Le droit français ne semble pas s'opposer à la reconnaissance de plusieurs identités sexuées. L'article 57 du code civil n'impose pas de mentionner un sexe masculin ou féminin sur les actes d'état civil et aucun texte n'interdit autre chose que ces deux catégories sexuées. Ces textes disent simplement qu'un sexe doit être mentionné. La jurisprudence récente s'est prononcée en faveur du rejet de la binarité du système actuel, au nom du respect du droit à la vie privée. Dans ces deux cas, les tribunaux ont estimé qu'il s'agissait de décisions individuelles des requérants et qu'il appartenait au législateur de régler cette difficulté qui relève de l'intérêt général.

On ne peut pas se contenter de solutions au cas par cas, risques d'interprétations divergentes. L'absence de loi pose des problèmes pratiques. Le droit d'appartenir à une catégorie non binaire n'étant pas reconnu par les textes, il n'est pas reconnu par les autorités administratives. Par exemple, l'INSEE, qui a été saisi de cette question, refuse toujours d'enregistrer les personnes intersexuées.

Le silence de la loi pose aussi des problèmes d'accès au droit. Il reste à savoir comment mettre en oeuvre le rejet de la binarité de manière concrète, en créant une identité « autre » pour les personnes majeures et les mineurs doués de discernement. Pour la déclaration du sexe à la naissance qui concerne les mineurs dépourvus de discernement, les associations intersexes sont unanimes à demander que l'enfant soit rattaché au sexe masculin ou féminin le plus probable à la naissance. Par ces dispositions, le droit pour toute personne intersexuée d'établir le détail de son identité, corollaire du droit à la vie privée, serait respecté. Subsisterait néanmoins une atteinte à la vie privée résultant des trop nombreuses obligations faites aux personnes intersexuées de révéler leur identité sexuée.

En application de l'article 8 de la Convention européenne des droits de l'homme, l'identité sexuée appartient à la vie privée.
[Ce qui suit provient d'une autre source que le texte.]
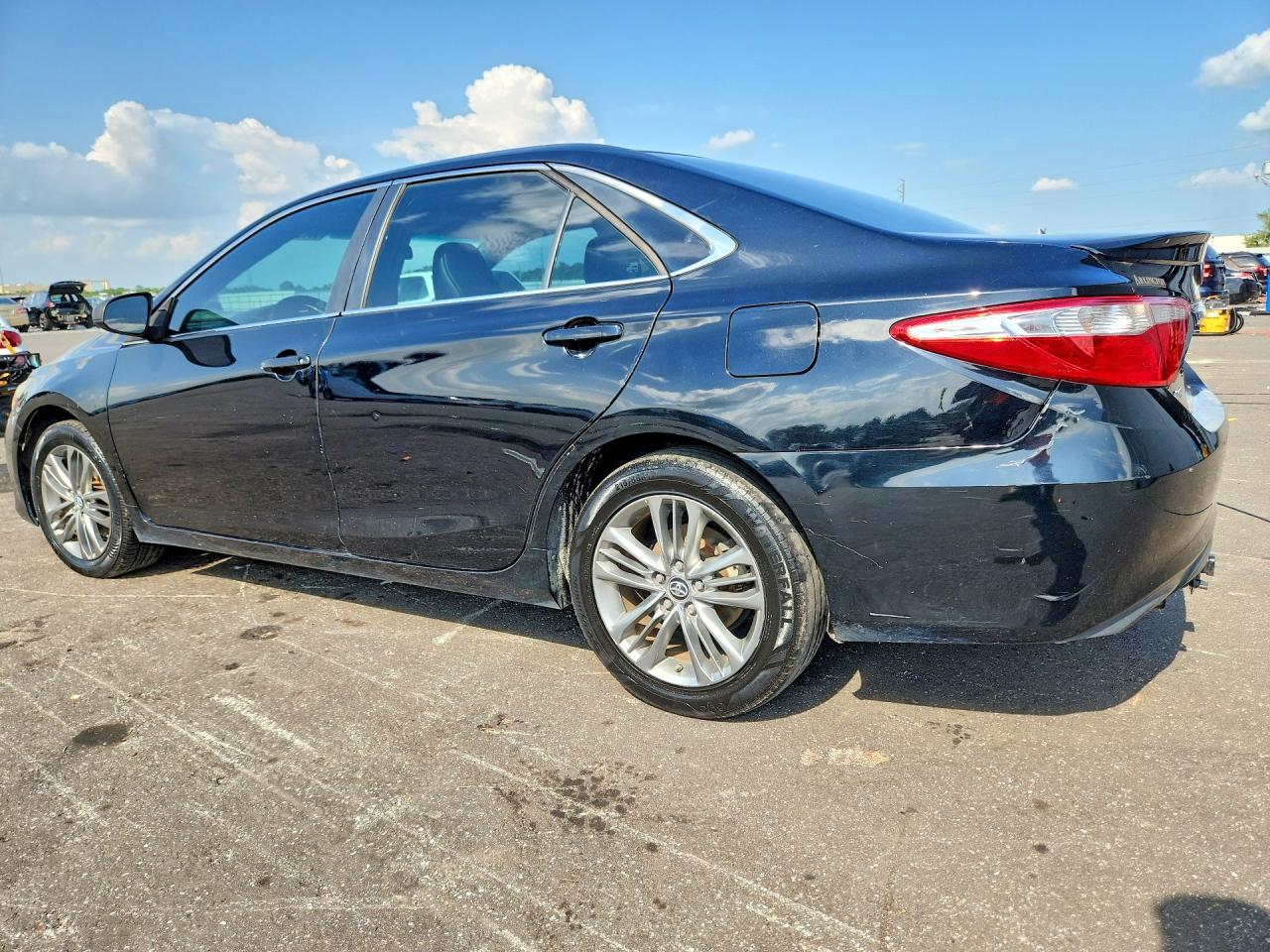 2017 TOYOTA CAMRY SE — снимка 2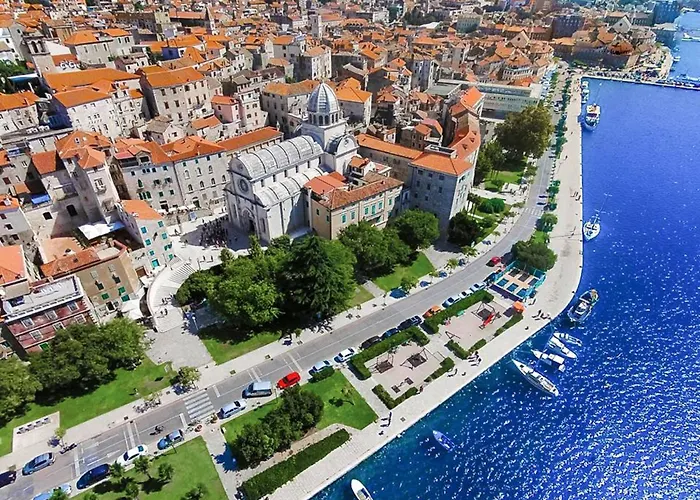 דירה Marija By Interhome שיבניק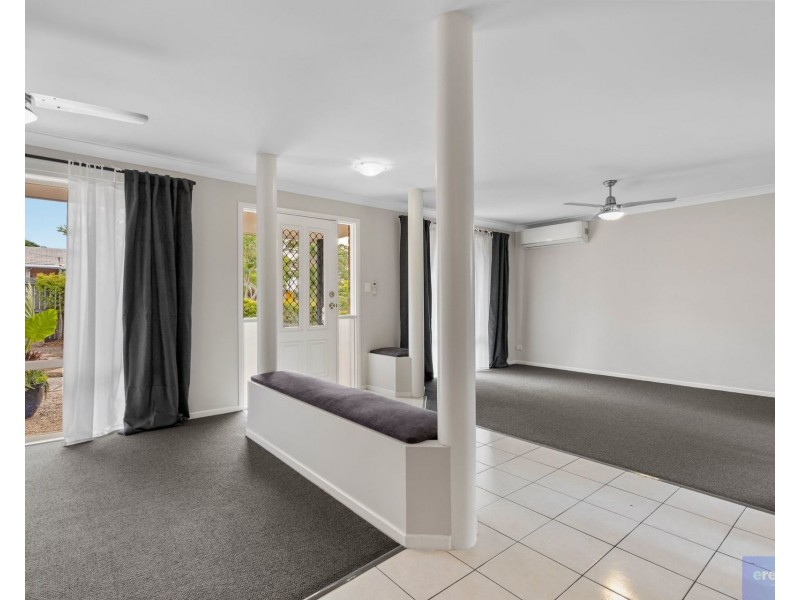 2 Leighton Drive, Edens Landing QLD 4207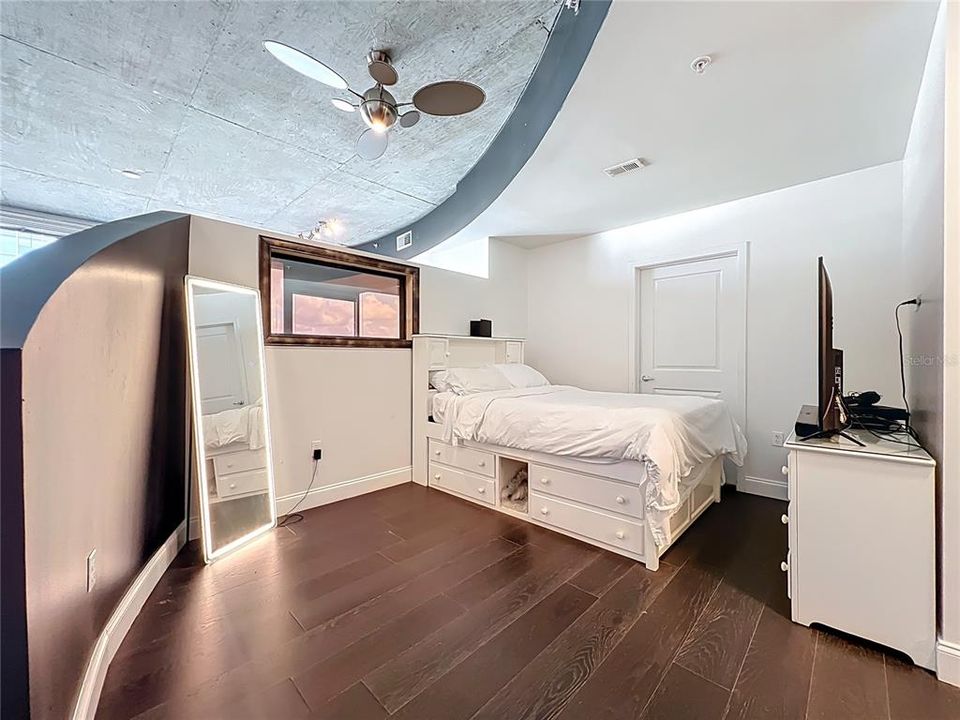 For Sale: $227,000 (1 beds, 1 baths, 837 Square Feet)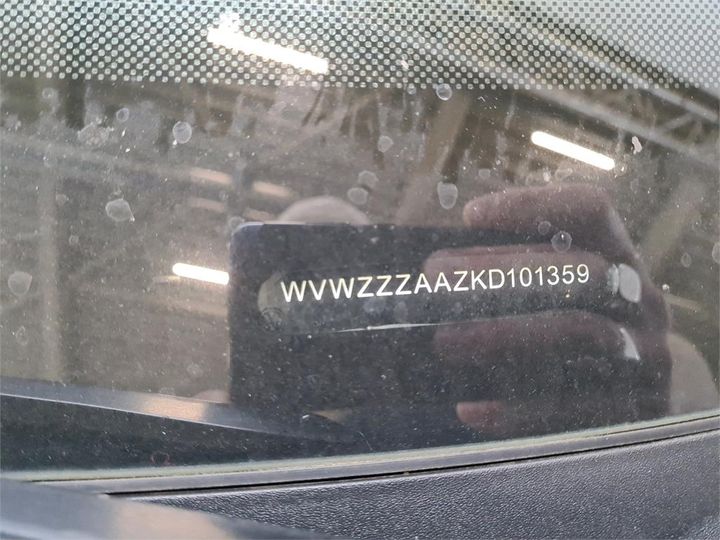 Photo 11 VIN: WVWZZZAAZKD101359 - VOLKSWAGEN UP! 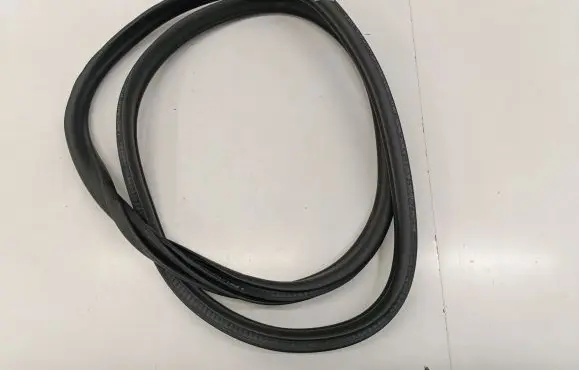 BMW 2 F44 Rear door rubber seal (on body) 7483099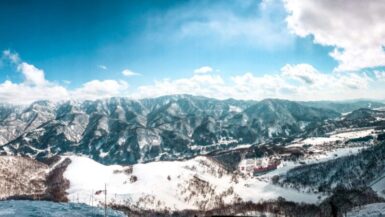 If you are looking at Japan ski resorts then Hakuba Valley, Japan is the perfect ski destination. Hakuba is one of the best places for skiing in Japan for fresh Japan snow. Learn more about a ski trip to Hakuba! #japan #ski #hakuba #travel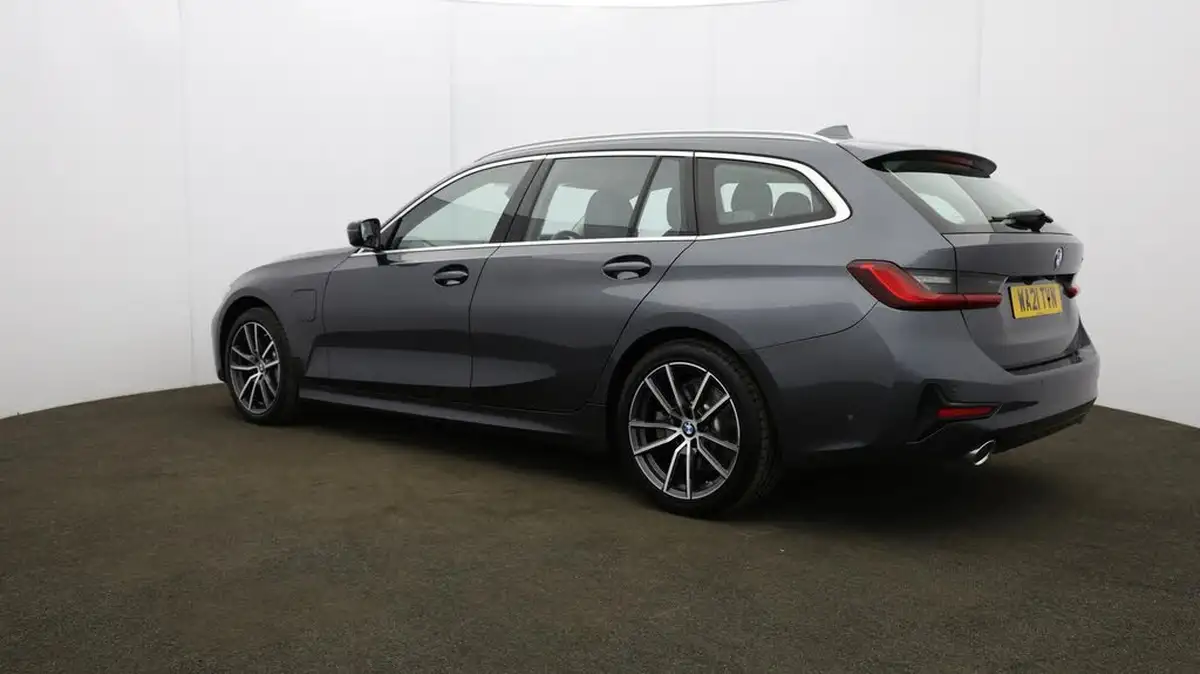 2021-bmw-3-series-20-330e-sport-pro-touring-5d-big-67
Or, il existe aujourd'hui plusieurs textes qui obligent la révélation de l'identité sexuée sans pour autant que cela soit justifié par un but légitime, par exemple pour obtenir un service, alors que cette information ne conditionne pas la délivrance de ce service. C'est le cas notamment pour le formulaire de demande de logement social ou la demande d'un hébergement d'urgence. D'autres textes obligent à mentionner l'identité sexuée de la personne sur des titres d'identité, alors que le sexe ne permet pas d'identifier la personne comme le permettent le nom, le prénom, la date et le lieu de naissance. Le permis de conduire français ou la carte d'identité allemande ne comportent pas de mention de sexe. Ces obligations de révéler son identité créent des discriminations à l'encontre des personnes intersexuées lorsqu'il existe une différence entre le sexe perçu et la mention indiquée sur les documents d'identité (suspicion d'usurpation d'identité notamment). Au nom du respect du droit à la vie privée, pour toute personne et non uniquement pour les personnes intersexuées, le sexe ne devrait pas figurer sur les pièces d'identité. À tout le moins, il faudrait reconnaître la possibilité pour chacun de décider s'il souhaite ou non que la mention de son sexe figure sur ses papiers d'identité. Plus globalement, il devrait être prévu par la loi que l'obligation de révéler son identité sexuée n'est justifiée que si elle est rendue nécessaire par un but légitime.